The articles are a bit confusing. Some state that the scrub timer service is required, others state that there is a monitoring health service (different from the scrub service). Yet others talk about it as if all is done wihout additional requirements - self healing out of the box so to speak.
It looks to me that there is no consensus on that matter.
It would be nice if there was a proper explanation of all these areas with reference to what is actually new in 7.0. But apparently this does not exist.
This article describes how online repair can be used: https://blogs.oracle.com/linux/xfs-online-filesystem-repair-in-uek8
It shows everything that’s required to make it work, including the scrub timer and service. Written by the guy who built it.
The new feature in 7.0 seems to be related to reporting.
I am also an XFS user across all of my Fedora boxen and would like these new kernel 7.0 XFS features enabled. Or to at least understand enough to make the call on what I should setup…
AFAIK, If you build your own kernels they will not be signed and cannot be used with secure boot. You also will need to manually upgrade kernels to keep pace with development.
If you want it active you should work toward encouraging fedora and the kernel developers to enable it on the provided kernels.
May be a good idea to reach out to the xfsprogs maintainers and ask their thoughts.
My feeling is that it may be too soon, but at the same time, UEK 8.2 formally announced its availability, as opposed to calling it a “tech preview” back in 8.0, so maybe they consider it stable enough. But I’m not an XFS expert so take it with a grain of salt.
p.s. @tessus I just realized that the confusion with the monitoring service may have been because xfs_healer which was released a few days ago: xfsprogs: v7.0.0 released [LWN.net]

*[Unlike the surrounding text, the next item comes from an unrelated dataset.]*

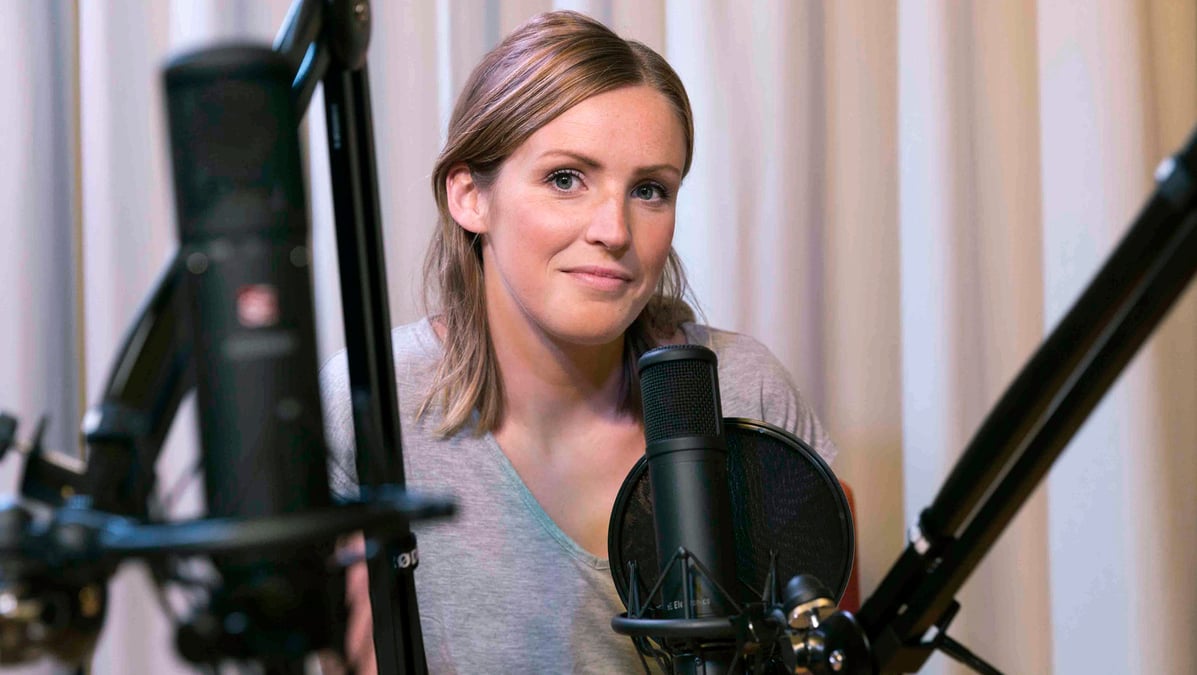 Lotten Åsén Blomqvist, kontaktsjuksköterska på onkologmottagningen, är en av programledarna i den nya podden "Sommar på Akademiska". Fotograf: Staffan Claesson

To be clear, xfs_healer and xfs_scrub are complementary tools:
Scrub walks the whole filesystem, finds stuff that needs fixing or
rebuilding, and rebuilds it. This is sort of analogous to a patrol
scrub.
Healer listens for metadata corruption messages from the kernel and
issues a targeted repair of that structure. This is kind of like an
ondemand scrub.
…
I am pretty sure I have built and signed my own kernels because I have been using secure boot for quite a long time with Fedora. But I don’t want to be flippant or dismissive… Thanks for the tip.

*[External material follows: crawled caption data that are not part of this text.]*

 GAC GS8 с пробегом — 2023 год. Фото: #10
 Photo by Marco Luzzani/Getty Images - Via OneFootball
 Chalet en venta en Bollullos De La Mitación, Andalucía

Right, but this also requires the kernel to be compiled with CONFIG_XFS_ONLINE_REPAIR=y and I think CONFIG_XFS_ONLINE_SCRUB_STATS=y should be set as well.
So the healer daemon is more what I was looking for (opposed to the scrub, which is also not a bad idea), but I most likely would use both in combination.
I honestly do not understand why the kernel was not compiled with the 2 options I mentioned. Nobody is forced to use the features, but at least they’d be available when needed.
Question to @jforbes : any particular reason why these 2 options were not activated in the kernel? If not, can you add those for future kernel builds?
kernel 7.0.9 has both options enabled. For everyone eager to start using online repair, I’d suggest to wait for xfsprogs 7.0.0, which eleminates @computersavvy’s mention of experimental support for online repair.
However, I wanted to also mention that I tried the online optimize and repair with xfsprogs 6.18.0 and it seems to work.